Namun, Said Didu mengatakan, perubahan rezim KK ke IUPK harus tidak menurunkan penerimaan negara. “Caranya bisa macam-macam. Bisa kenaikan royalti atau lainnya. Intinya, perubahan KK menjadi IUPK tidak menurunkan penerimaan negara,” tukasnya.

Menurut dia, penerimaan negara akibat percepatan IUPK sebelum 2019 tersebut, tidak boleh lebih rendah dibandingkan kalau diterapkan setelah 2021. Said menambahkan, opsi percepatan IUPK bisa menjadi solusi ketiadaan kepastian sampai 2019. “Kalau tunggu sampai 2019, maka tidak ada kepastian investasi dan operasi bisa stagnan. Masa tidur sampai 2019,” tuturnya.

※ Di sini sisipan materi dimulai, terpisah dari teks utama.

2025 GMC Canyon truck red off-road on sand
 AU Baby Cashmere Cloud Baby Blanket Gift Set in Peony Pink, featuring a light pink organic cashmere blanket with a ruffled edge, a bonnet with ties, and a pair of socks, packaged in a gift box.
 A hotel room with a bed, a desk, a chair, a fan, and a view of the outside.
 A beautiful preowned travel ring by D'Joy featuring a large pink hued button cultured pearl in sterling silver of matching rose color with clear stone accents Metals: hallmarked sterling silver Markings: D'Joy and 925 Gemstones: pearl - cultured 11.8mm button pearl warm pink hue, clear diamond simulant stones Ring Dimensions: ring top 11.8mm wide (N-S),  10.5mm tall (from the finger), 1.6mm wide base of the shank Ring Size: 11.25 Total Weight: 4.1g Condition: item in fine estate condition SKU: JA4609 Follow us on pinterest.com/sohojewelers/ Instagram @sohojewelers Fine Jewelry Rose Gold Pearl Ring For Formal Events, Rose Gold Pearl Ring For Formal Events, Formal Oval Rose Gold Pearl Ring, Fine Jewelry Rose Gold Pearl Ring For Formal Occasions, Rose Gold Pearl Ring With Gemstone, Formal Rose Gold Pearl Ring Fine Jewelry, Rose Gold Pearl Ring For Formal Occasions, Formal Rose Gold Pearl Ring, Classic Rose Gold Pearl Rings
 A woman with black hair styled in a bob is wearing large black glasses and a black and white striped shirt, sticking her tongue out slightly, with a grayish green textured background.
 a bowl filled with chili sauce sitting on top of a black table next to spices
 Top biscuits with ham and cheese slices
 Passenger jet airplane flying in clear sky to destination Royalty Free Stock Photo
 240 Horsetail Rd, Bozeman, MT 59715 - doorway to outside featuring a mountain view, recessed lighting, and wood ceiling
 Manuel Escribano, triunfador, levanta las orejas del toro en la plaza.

Sementara, lanjutnya, kalau ada kepastian, maka di Papua bisa dibangun pabrik pemurnian, pupuk, semen, dan industri lainnya. Said juga mengatakan, pada saat pembahasan UU Minerba, rezim KK tidak langsung diubah menjadi IUPK dan diambil jalan tengah penghormatan kontrak sampai habis masanya.

“Rezim IUPK juga memberikan keuntungan bagi negara karena status hukum berbentuk izin yang lebih lemah dibandingkan kontrak,” ujarnya.

Sebelumnya, Menteri ESDM Sudirman Said mengatakan, pemerintah tengah mengkaji agar ada kepastian kelanjutan operasi Freeport setelah 2021. Pemerintah, lanjutnya, ingin Freeport memberikan manfaat lebih besar kepada Negara dan Papua setelah perpanjangan. “Keputusan kelanjutan operasi menjadi sulit karena hanya bisa dilakukan 2019. Karena itu, akan dicari jalan lain apakah mulai menggunakan rezim IUPK (izin usaha pertambangan khusus),” katanya.

Menurut Sudirman, pihaknya akan menyerahkan rekomendasi Freeport kepada Presiden Joko Widodo pada April 2015.